(Caption-style text data)
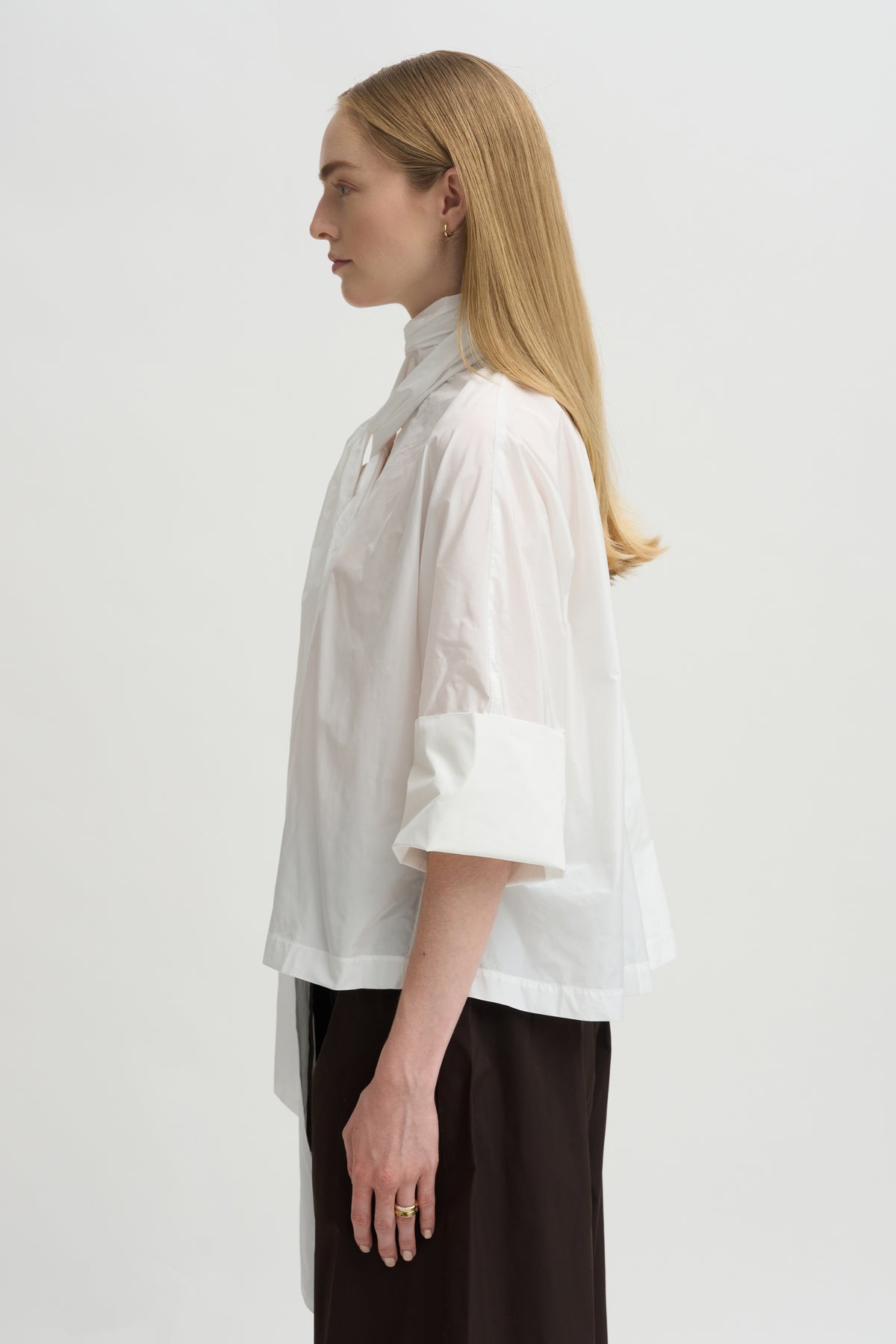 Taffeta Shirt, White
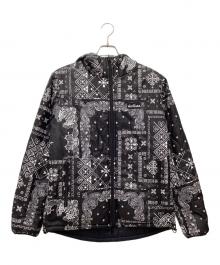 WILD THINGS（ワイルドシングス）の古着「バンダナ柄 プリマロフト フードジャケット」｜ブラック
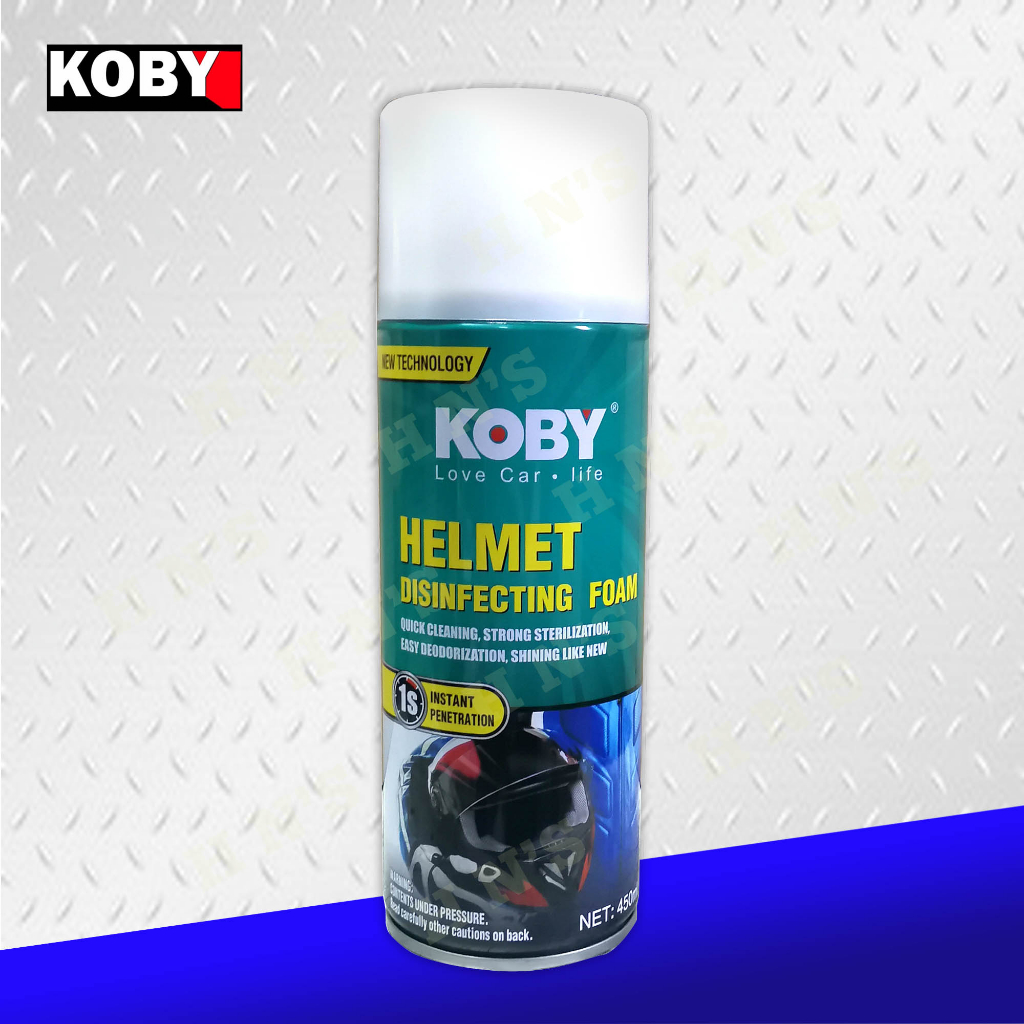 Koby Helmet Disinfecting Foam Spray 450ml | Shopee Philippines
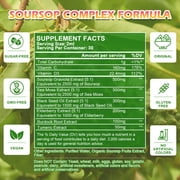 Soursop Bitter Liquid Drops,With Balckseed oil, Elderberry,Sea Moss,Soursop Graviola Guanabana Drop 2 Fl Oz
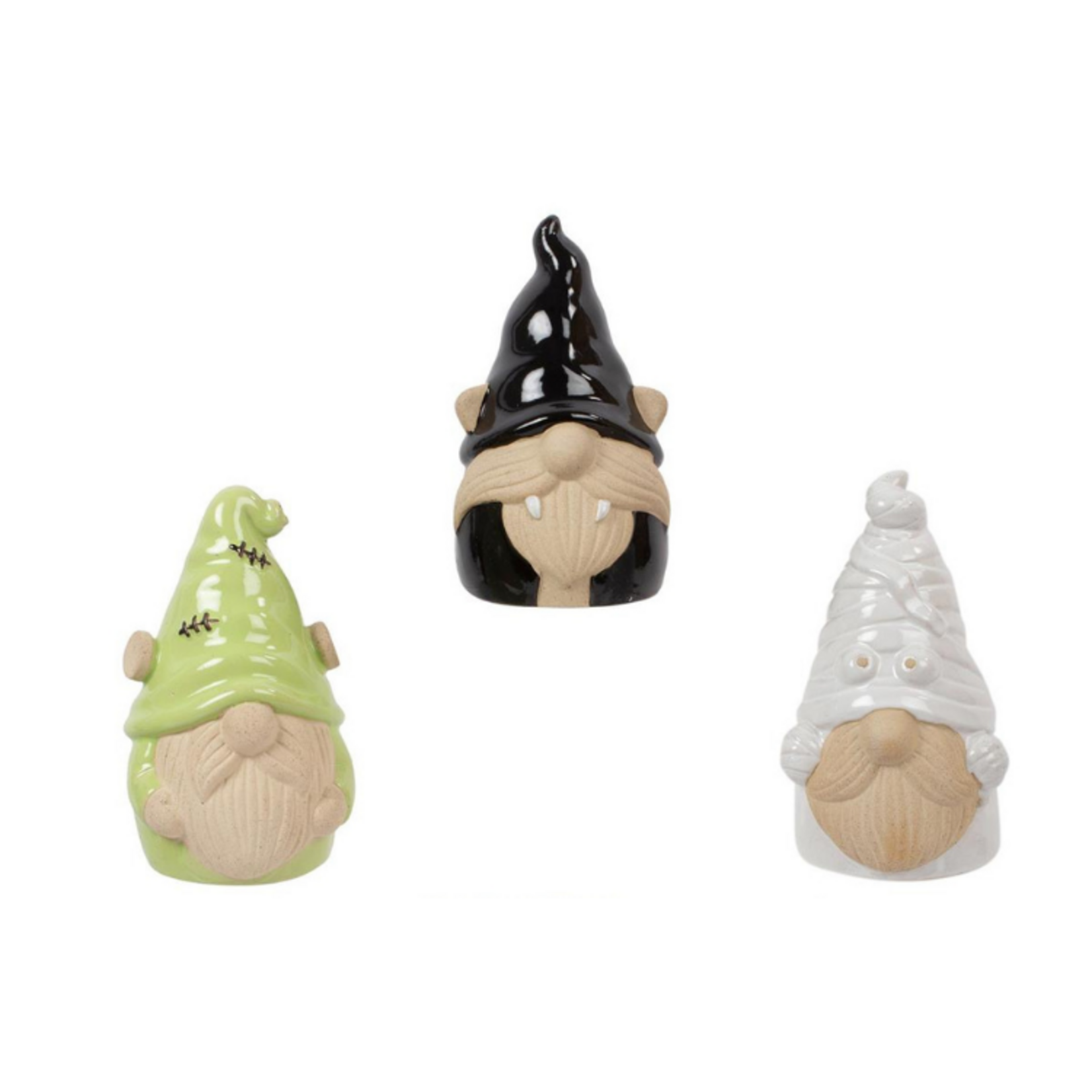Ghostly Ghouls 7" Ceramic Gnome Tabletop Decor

WHAT TO DO ::
Could every record be given again exactly, with its pictures left out?

RESPONSE ::
 Taffeta Shirt, White
 WILD THINGS（ワイルドシングス）の古着「バンダナ柄 プリマロフト フードジャケット」｜ブラック
 Koby Helmet Disinfecting Foam Spray 450ml | Shopee Philippines
 Soursop Bitter Liquid Drops,With Balckseed oil, Elderberry,Sea Moss,Soursop Graviola Guanabana Drop 2 Fl Oz
Ghostly Ghouls 7" Ceramic Gnome Tabletop Decor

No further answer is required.